On Thu, 1 Feb 2018, Zebediah Figura wrote: [...]
Also along these lines: presumably setting up the testbot to run linux tests is going to require a fair amount of work, and that work is going to be implied to be François' responsibility. I'd just like to say that I'm willing to help as much as I can, though.
Here is a description of how we could get a very basic implementation together: (base series)
b1. We need a new VM type so the TestBot knows which VMs to run the Wine tests on (see VMs.pm, ddl/winetestbot.sql and ddl/update*.sql). We could call it something like 'unix' or 'wine'.
b2. There are multiple types of Tasks and each one is handled by a WineRunXxx.pl script. The script being used depends on the Step->Type field so we will need new Step types (see Steps.pm and the same ddl files).
b3. CheckForWinetestUpdate will need to be updated to create a job with a Step of the right type, for instance unixreconfig, to update Wine on the Unix machine(s) when there is a Git commit in Wine.

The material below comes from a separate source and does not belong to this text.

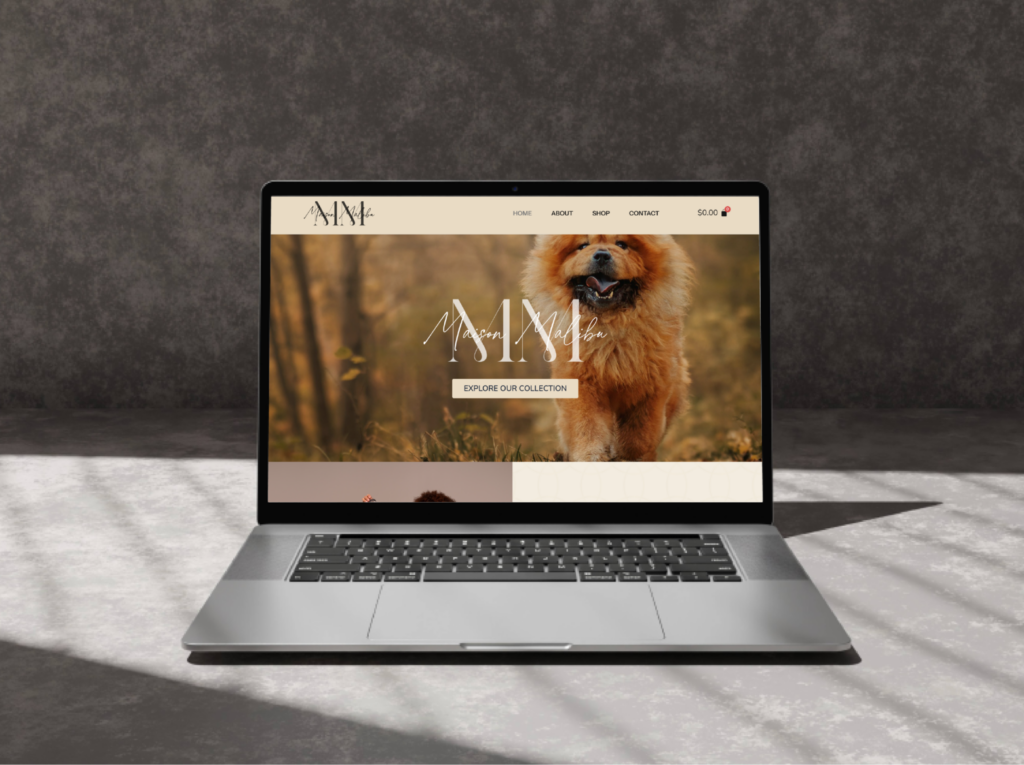 portfolio img 01 (1)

b4. To process the tasks in the new unixreconfig step type we will need two new scripts: WineRunUnixReconfig.pl and build/UnixReconfig.pl. note that they should *not* run WineTest: WineRunUnixReconfig.pl will have to update the VM snapshot so later compilations start from the new Wine baseline. But running WineTest could ruin the VM's test environment (crash the X server, etc) which we would not want in the snapshot we'll use to run later tests.
Now that we have proper dependency support between Steps we could also add the UnixReconfig Step as an extra Step in the usual "Wine Update" job and just make sure it does not depend on the classic Reconfig step so that a failure in one does not cause the other to be skipped. The choice is a mater of taste.
b5. We will need a new script to run the tests in the Unix VMs. Maybe call it WineRunUnixTask.pl. Unlike WineRunTask.pl which runs the tests on Windows, WineRunUnixTask.pl will need to deal with both patches and executables.
b6. Modify Patches::Submit() to create tasks for the unix/wine VMs. Currently it only creates jobs for the patches that modify the tests. If a patch series contains test and non-test parts it combines them one job which suits our purpose just fine. So for a basic implementation we could keep that as is.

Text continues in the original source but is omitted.